Quella medaglia d’argento se la tiene ben stretta e la indossa con orgoglio. Roberta Bonatti è tornata nella sua Piacenza, alla Salus et Virtus, per condividere con i suoi compagni di allenamento la gioia di essere diventata vice campionessa europea.
La pugile piacentina ha vissuto una splendida esperienza in Montenegro, rendendosi protagonista di un cammino sontuoso. “Sono partita senza aspettative – ha raccontato – mentalmente ero rilassata perché arrivata lì senza pretese e con niente da perdere, consapevole che me la sarei giocata con delle campionesse, e alla fine stavo bene, in allenamento vedevo che ero pronta e lo dimostra il risultato. La finale? Quando ci arrivi è diverso, ti svegli al mattino e hai l’oro al collo, per un soffio ti sfugge e vai a casa con l’argento, ma è un bellissimo risultato, solo essermi giocata la finale è come avere vinto l’oro”.

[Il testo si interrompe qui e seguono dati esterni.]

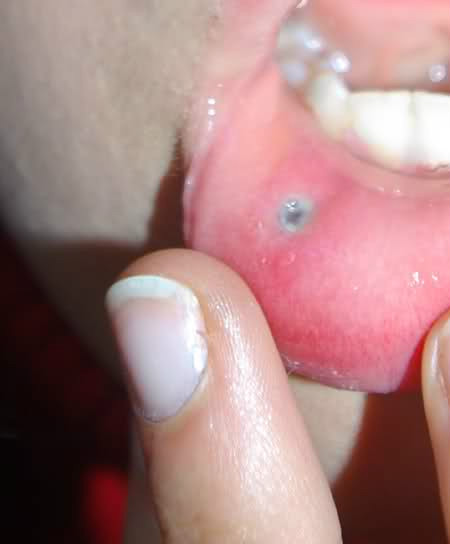 Side labret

Una medaglia che va molto al di là del semplice risultato sportivo: “Questo argento è una sorta di riscatto, vengo da due anni veramente tosti perché dopo il Covid la fortuna non è stata dalla mia, ero entrata in un loop negativo e iniziavo a crederci meno e a farmi le prime domande. L’argento europeo è un punto di partenza per continuare a fare bene anche nei prossimi anni”.
Nonostante i 25 anni di età è già una veterana del ring e il suo sogno è di conquistare una medaglia anche ai Mondiali: “Se mi guardo indietro c’è tanto, ho tanti ricordi, però se guardo avanti vedo altrettanta strada e ancora tantissimo da imparare, uno dei miei più grandi obiettivi è una medaglia mondiale, il mio più grande riscatto è completare l’album inserendo questo riconoscimento”.